Goal-Directed Behavior
A regression analysis predicted time spent on the ads (log-transformed) from their goal inference condition, trait reactance, and the interaction of these two variables. Results again indicated a two-way interaction, B = .007, t(156) = 2.13, p = .034, 95% CI (0.001, 0.014), as well as a marginal positive direct effect of free choice, B = .005, t(156) = 1.66, p = .100, 95% CI (−0.001, 0.012). As illustrated in Figure 2, relatively reactant (1 SD) participants spent more time on the beverage ads when their friend’s goal to drink was motivated by free-choice as opposed to not, B = .012, t(156) = 2.63, p = .010, 95% CI (0.003, 0.022). Relatively nonreactant (−1 SD) participants did not differ in time spent on the ads (t < 1).
Moderation by Self-Regulatory Effectiveness
Exploratory regression analyses tested whether scores on the self-regulation measure further moderated the effects. If reactance is self-regulatory, goal contagion might only occur among effective self-regulators. Separate regression analyses predicted participants’ subjective ratings and implicit behavior from the goal inference condition, trait reactance (standardized), self-regulatory effectiveness (standardized), and all possible interactions. On the subjective ratings, there were no additional effects of self-regulatory effectiveness (ts < 1). However, there was a marginal three-way interaction for time spent on the ads, B = .006, t(156) = 1.96, p = .052, 95% CI (0.00, 0.01). The behavioral pattern illustrated in Figure 2 only occurred among more effective self-regulators (1 SD). The moderation analysis helps to illustrate that reactance is self-regulatory.
The results suggest reactant individuals distinguish opportunities from threats and regulate their sensitivity to deviant peers accordingly. Participants with higher trait reactance showed goal contagion when they could infer that the peer’s motivation to drink was about exerting free choice, as indicated by their subjective ratings and behavior towards the ads. Reactant participants were especially likely to show increased goal-directed behavior if they were effective self-regulators. In contrast, participants with lower trait reactance showed goal contagion when the peer’s motivation to drink was unrelated to autonomy, as indicated by the subjective ratings. The results support the idea that reactant individuals are sensitive to peers who trigger autonomy goals.
Study 2
The aim of this study is to demonstrate that the superordinate goal served by reactance is autonomy. To reactant individuals, the appeal of deviant peer influences is not necessarily to engage in the prohibited behavior itself, but to have the freedom to choose whether or not to engage in the behavior. Classic reactance theory (Brehm, 1966) has long considered ways in which people seek other, often indirect, means of restoring freedom that are not necessarily focused on engaging in the one behavior being threatened – which suggests engagement in the behavior itself is not the superordinate goal. Thus, exposure to a friend who appears to be autonomously motivated may not trigger a goal to engage in any one behavior in particular; it could simply trigger motivation to join a friend in their pursuit of autonomy and free choice.

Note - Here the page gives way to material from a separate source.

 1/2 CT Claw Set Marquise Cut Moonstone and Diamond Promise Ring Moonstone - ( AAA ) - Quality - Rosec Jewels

This was tested in the context of marijuana use among college students in the Netherlands. Dutch law technically prohibits marijuana possession, but it is commonly available via so-called “coffee shops”. As with underage drinking, peer contagion is a contributor to motivation for marijuana use; Leander et al (2009) found that participants who were subliminally primed with the names of pro-marijuana friends subsequently showed heightened accessibility of marijuana-related concepts in memory via a euphemism-listing task. Yet in those studies, there were no contextual cues to trigger autonomy goals. The present study instead used context cues to trigger reactance and then behavioral cues to indicate whether a peer was restricted by a focal motivation to use marijuana, or was instead more broadly motivated to go out—and thus afford free choice—about using marijuana or not.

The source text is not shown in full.